Thursday, August 22, 2019

land of milk and honey

Ramban (11:6) points out a very strange omission in our parsha.  After relating the great miracle of the destruction of the Egyptian army at Yam Suf, the parsha then speaks about the midbar and focusses specifically on, "v'asher asa l'Dasan v'Aviram…" who were swallowed up by the earth.  Why does the parsha zero in on Dasan and Aviram and completely ignore the instigator of that whole rebellion, Korach?  Why focus on the supporting players and leave out any mention of the star of the show?

The Oznayim laTorah offers a brilliant analysis that takes us back to the story of the meraglim.  When the spies return and report, they tell Moshe and the people, "V'gam zavas chalav u'devash hi," (13:27) that Eretz Yisrael is ***also*** a land of milk and honey.  To the Jewish people at the time, the land of Egypt was the most beautiful, sophisticated society that they could ever imagine. If not for their being enslaved, it would have been the greatest place to live.  So when the spies report, the best thing that they could say about Eretz Yisrael is that it's also good -- Egypt is of course great, and is the standard by which we measure everything else, but (and this was their one bit of truth) Eretz Yisrael is nothing to look down on either.  From there on, the report was all downhill and led to the people rebelling against going.

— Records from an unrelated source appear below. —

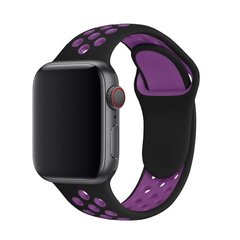 Ремінець силіконовий Nike Sport Band на Apple Watch 42|44|45|49mm Black-Purple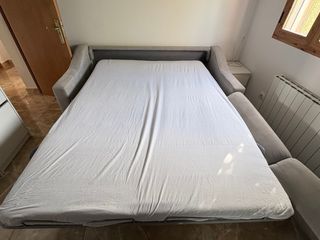 Sofá Cama Gris Beige Tela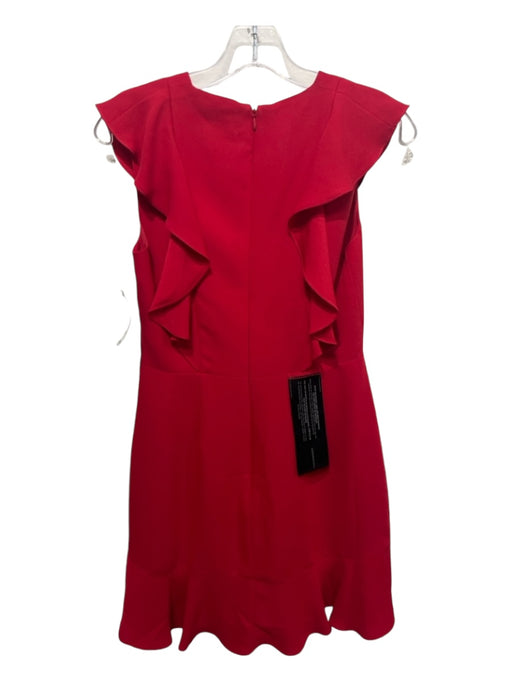 BCBG Maxazria Size 6 Red Polyester ruffles V Neck Sleeveless Knee length Dress Red / 6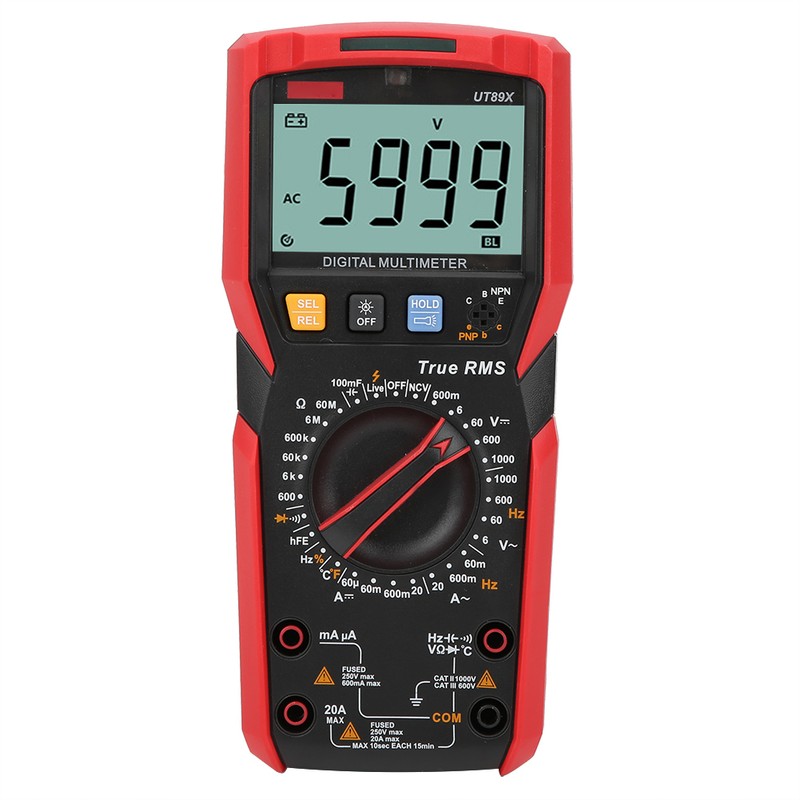 UT89X Digital Multimeter AC DC Voltage Current Resistance Capacitance NCV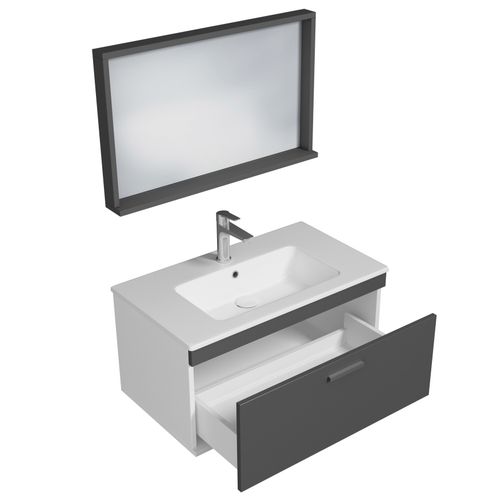 Meuble 1 Vasque Encastrée 80 Cm + Miroir Cadre 1 Tiroir Gris Anthracite Salle De Bain - Rubite
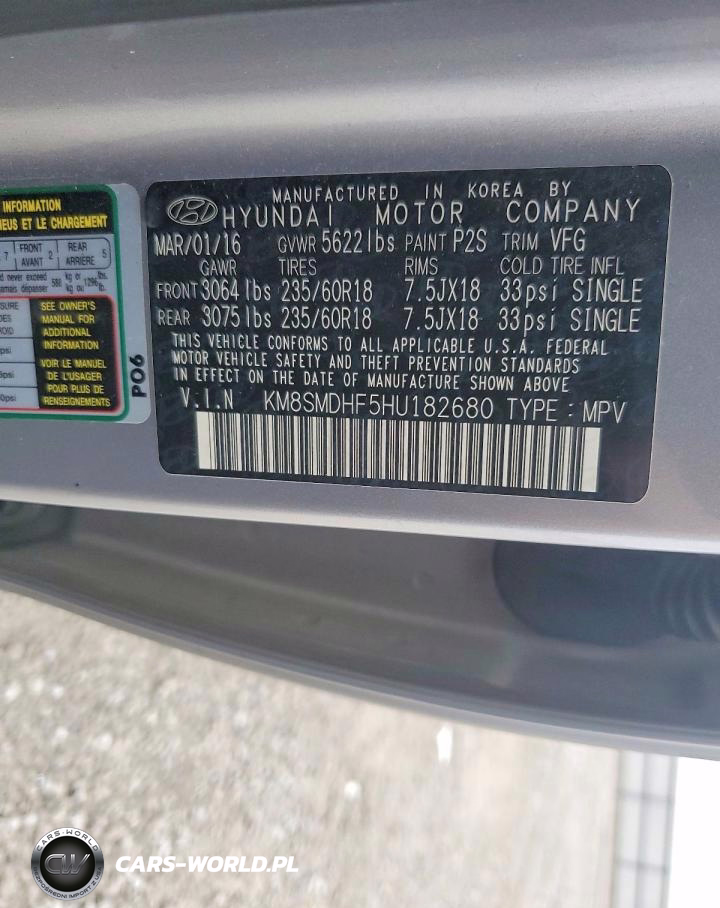 2017 Hyundai Santa Fe Se VIN:KM8SMDHF5HU182680 - 13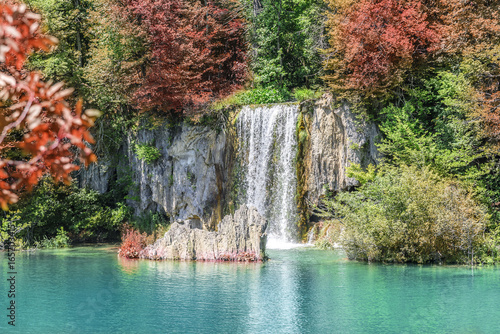 Fototapeta Naklejka Na Ścianę i Meble -  Waterfall in the National Park Plitvice Lakes. Croatia.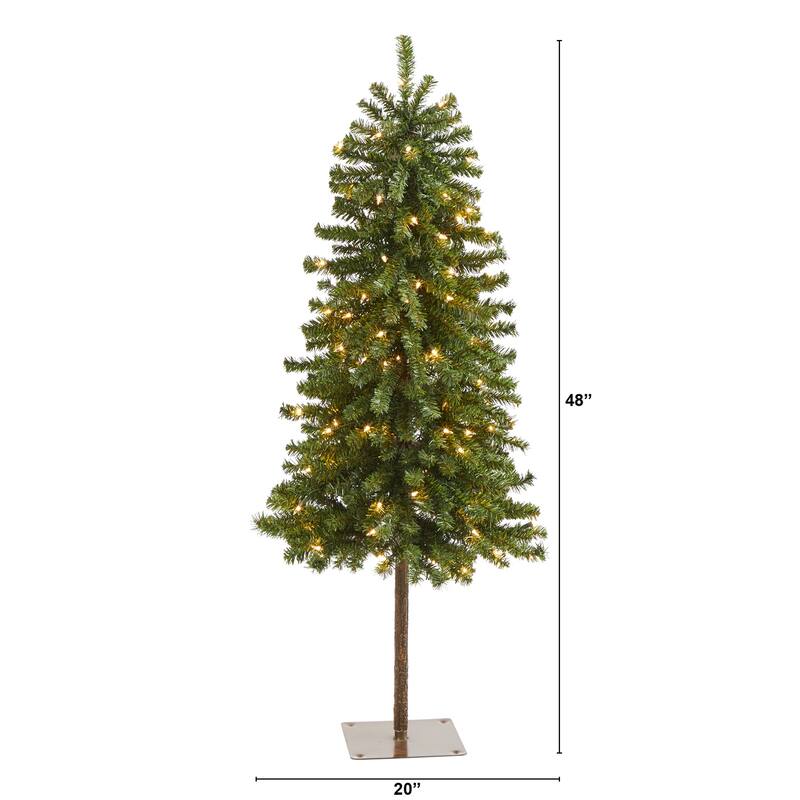 4ft. Alpine Artificial Christmas Tree with 100 Lights & 260 Branches - Compact Holiday X-Mas Décor Tree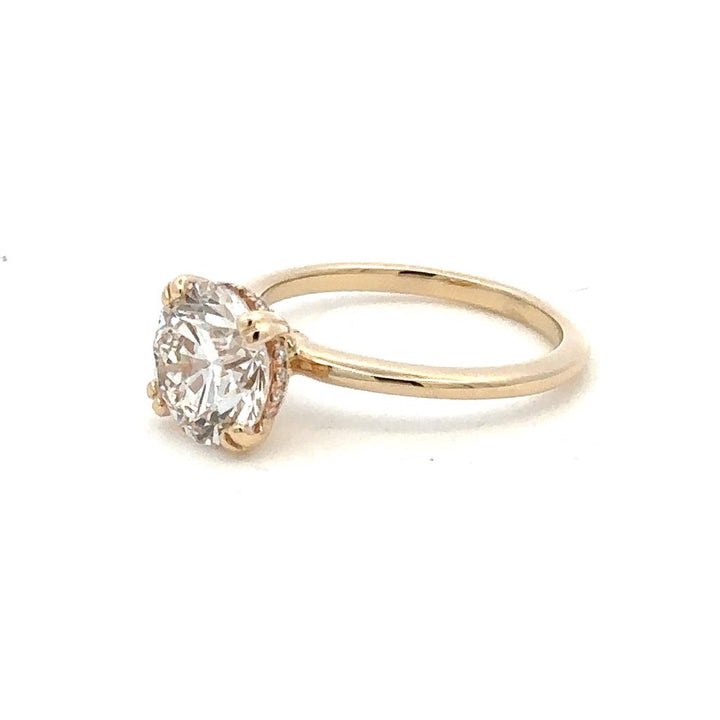 Solitare Accent Style Lab Diamond Engagement Ring14 KT Yellow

Yehoshua and Kaleiv responded that G-d will bring them into (14:8) "...Eretz asher HI zavas chalav u'devash," ***IT***, Eretz Yisrael is the land of milk and honey.  "HI" in the pasuk is a miyut -- only Eretz Yisrael, no other place, can be described as the land of zvas, chalav, u'devash.  Forget Egypt -- we are promised a much better place.

This was the shakla v'treya that led to the punishment meted out to the meraglim.  Is Eretz Yisrael THE land of milk and honey, or is it A land of milk and honey -- one of many possibilities.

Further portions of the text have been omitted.